Chronic illness remains a major public health challenge in today's health-care system. Most of individuals with chronic health sickness spend the last moments of life in and out of the hospital setting with half of those who die do so in the acute health care settings. The individual, caregivers, and friends are all experiencing mental discomfort, which is interfering with their ability to perform. Individual health treatment throughout the final days of life can help alleviate psychological anguish. Aside from cancer, end-of-life care is available for other chronic conditions such as dementia, cardiovascular and respiratory health issues. This form of care aims at providing health care with the main aim of meeting the health needs of the individuals whose life expectancy is reduced as a result of a life limiting condition and also where the primary role of care is shifted from prolonging the life to the provision of quality life.
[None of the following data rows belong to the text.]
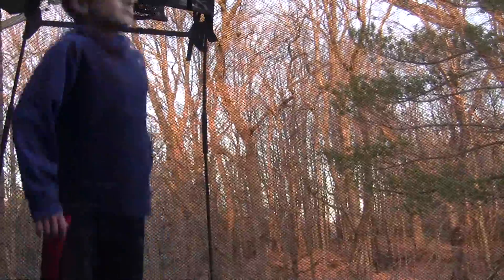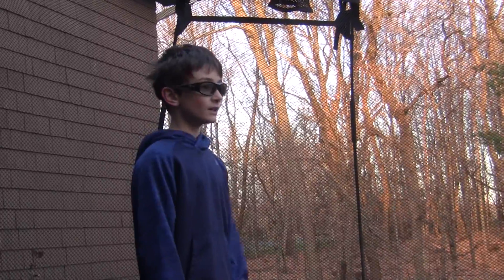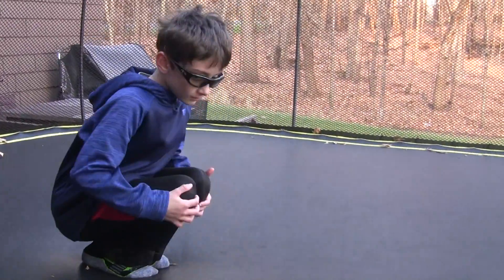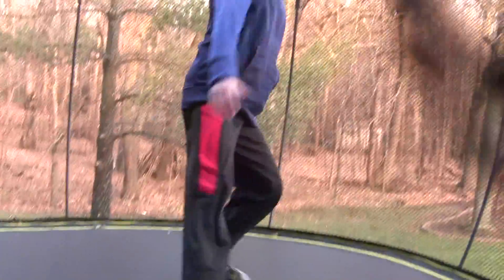The first step is pretty much the forward roll. So what you want to do is squat like this, tuck, and then put your hands down, and then just push off and stand up.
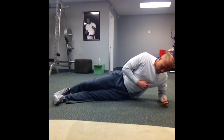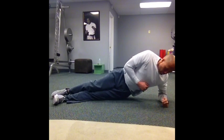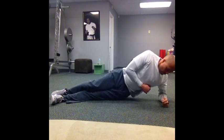Switch sides. Start in that same position. Again, you're going to pick your hip up towards the ceiling, drop it down towards the floor, pick it up towards the ceiling, and then drop it back down towards the floor again. Continue that for 20 repetitions.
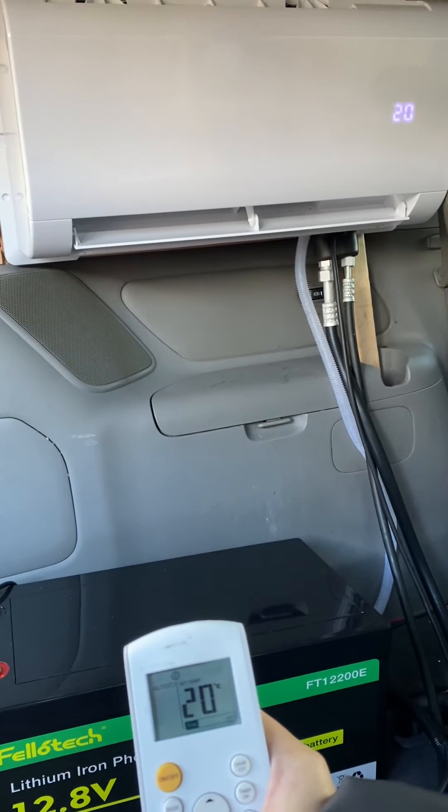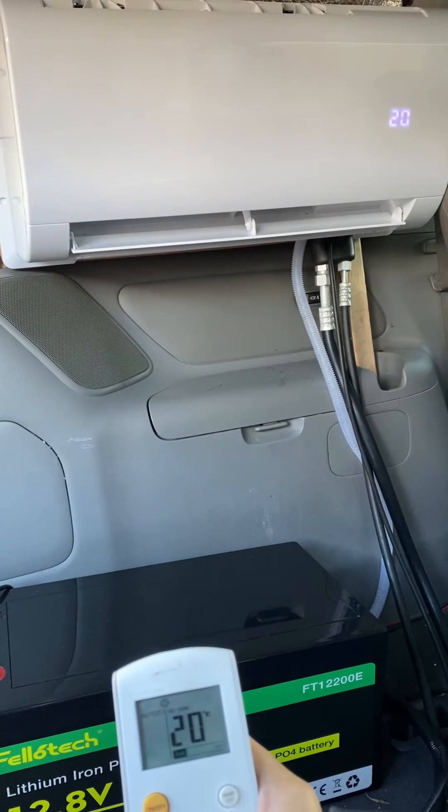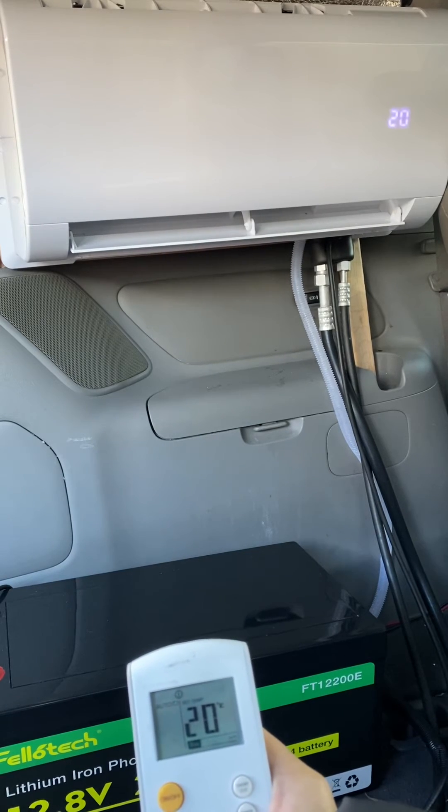You can hear the sound of the air coming out of the air conditioner. The noise level of this indoor unit is less than 33 decibels depending on the air speed.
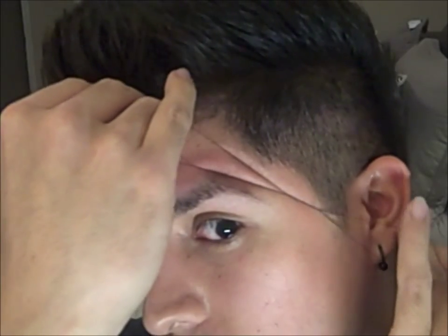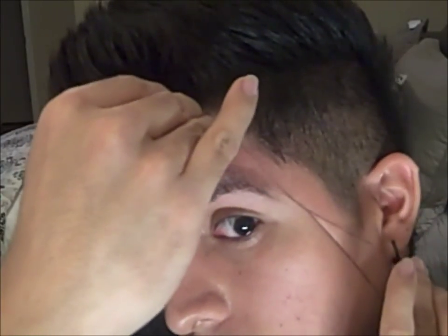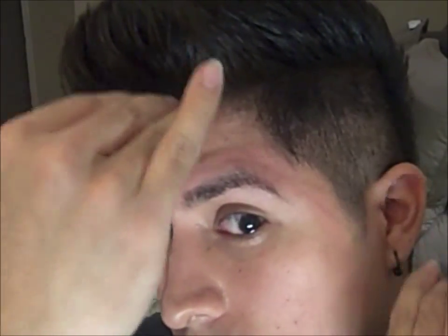Threading may be painful sometimes, but beauty is pain. Notice that wherever you put the thread, it grabs a hair. That way you won't mess up — unless somebody else is doing it on you, then there's more of a chance for them to mess up.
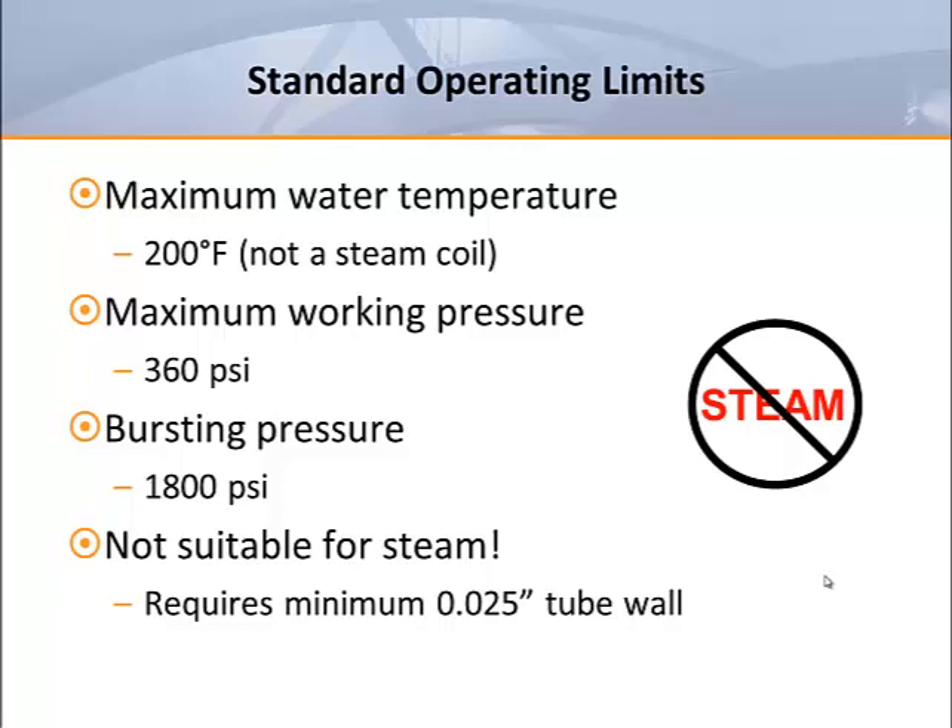It is standard convention for manufacturers to label water coils for a maximum water temperature of 200 degrees Fahrenheit. This is done mainly to differentiate a water coil from a steam coil. Steam coils are circuited differently and should use tube walls that are at least 0.025 inches thick to prevent possible failure due to etching. Generally speaking, water coils should not be used to handle steam.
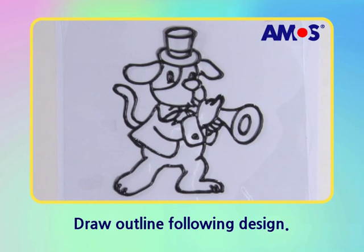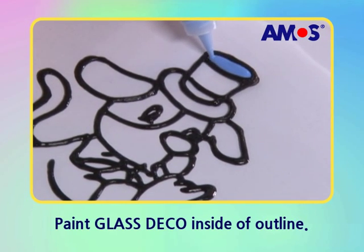Dry the outline enough. Now let's paint inside the line beautifully.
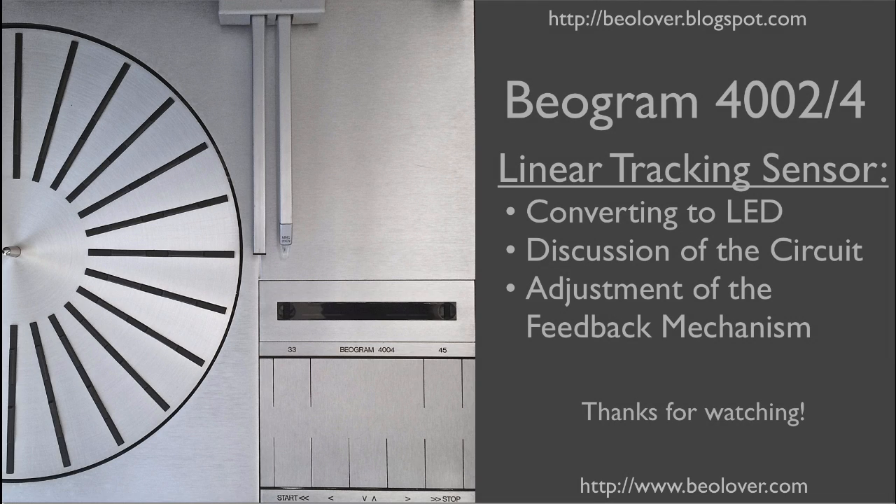This concludes my video about the linear tracking sensor in a Biogram 4000 series turntable. Thanks for watching.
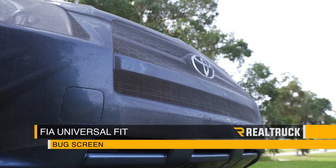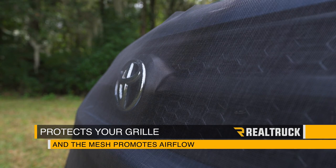This will protect your grill from road debris and it promotes airflow because the tear-resistant mesh is pliable, so bugs are more likely to bounce off and less likely to embed.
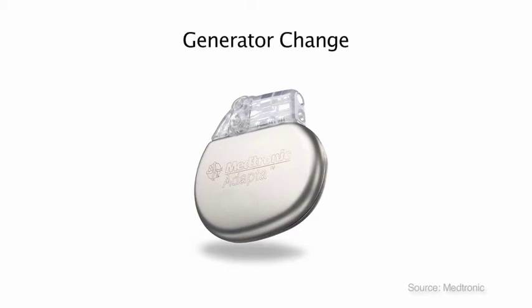When it's time for the generator change, an incision is made. The wires that are connected to the device are tested, and then attached to the new generator. The generator is a whole unit that is a pacemaker or defibrillator, depending on the type of device you have. The whole unit contains the battery and all the computer circuitry.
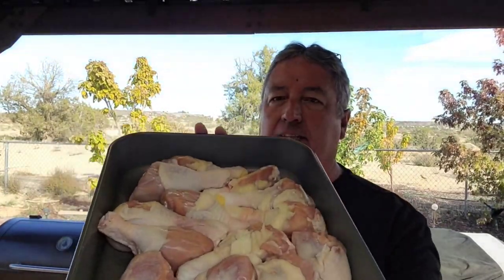Hey, welcome to Man Kitchen Recipes, I'm Kevin. Today we're doing chicken drumsticks. Everybody says chicken wings are expensive, and they are — these drumsticks were only 89 cents a pound on sale. We're making garlic parmesan chicken drumsticks, and we're going to smoke them in the Pit Boss 1100 at 400 degrees, a little hotter and faster. Let me show you how we do it.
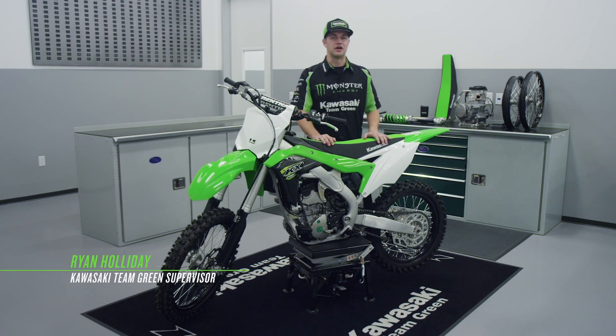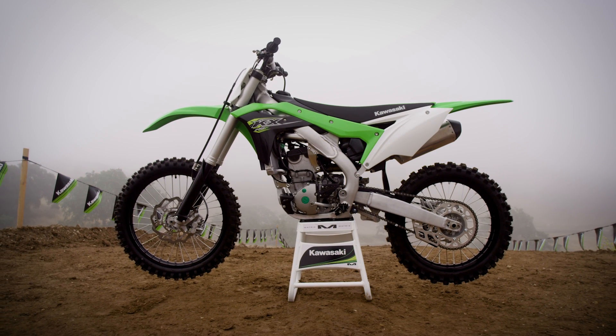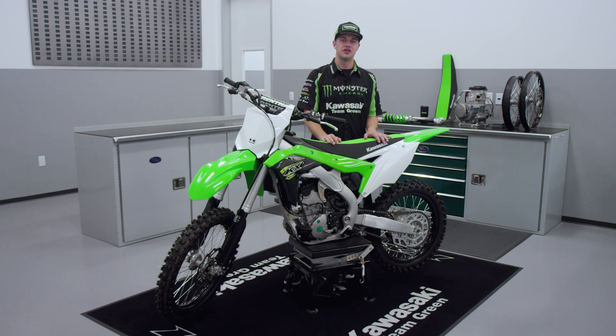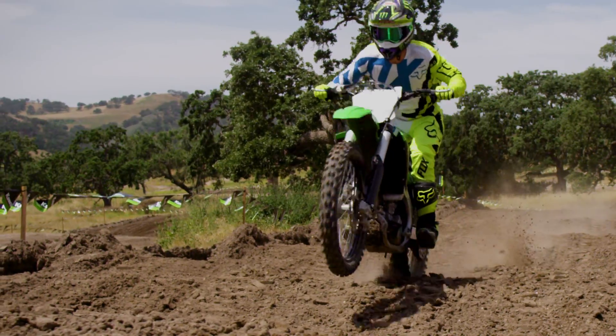The suspension updates made by Kawasaki engineers on the 2018 KX250F motorcycle include the fine tuning of settings to both the front and rear suspension, but the focus is primarily on the front fork. With improved fork dampening, this bike is able to absorb all the smaller bumps on the track better than ever before.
Quality of end of life care primary aims at assessing the progression of life limiting illness all through the physical impairment to the psychological impacts it has on the family members. It is important for the end of life care to be instigated whenever death is imminent. The end of life care doses not hasten the death but rather incorporate the different treatment options that aims at prolonging life through quality improvement. Provision of high quality end of life care provides physical, psychological and spiritual need of both the patient and the care givers. They do this by involving the patients in decision making pertaining their health through respecting their choice and autonomy as well as team work through the collaboration to the multidisciplinary team in the provision of care. As such the main principle during the end of life includes provisions where the patients are involved in decisions pertaining to their own care. In addition to involving patients in the decision making process, there are other guidelines that govern that process of caring for patients with COPD. These guidelines are known as the NICE guidelines. They advocate for high quality care for the patients arguing that when delivered to the patient, end of life care should at least contribute to improving of the safety, effectiveness and effectiveness of the care for adults in their last days. These guidelines state that care for such adults should be done in the following ways;
Making sure that patients get a positive experience of care
Improving the overall quality of life for patients with long term conditions
Treating patients in a safe environment and keeping them away from healthcare related harm.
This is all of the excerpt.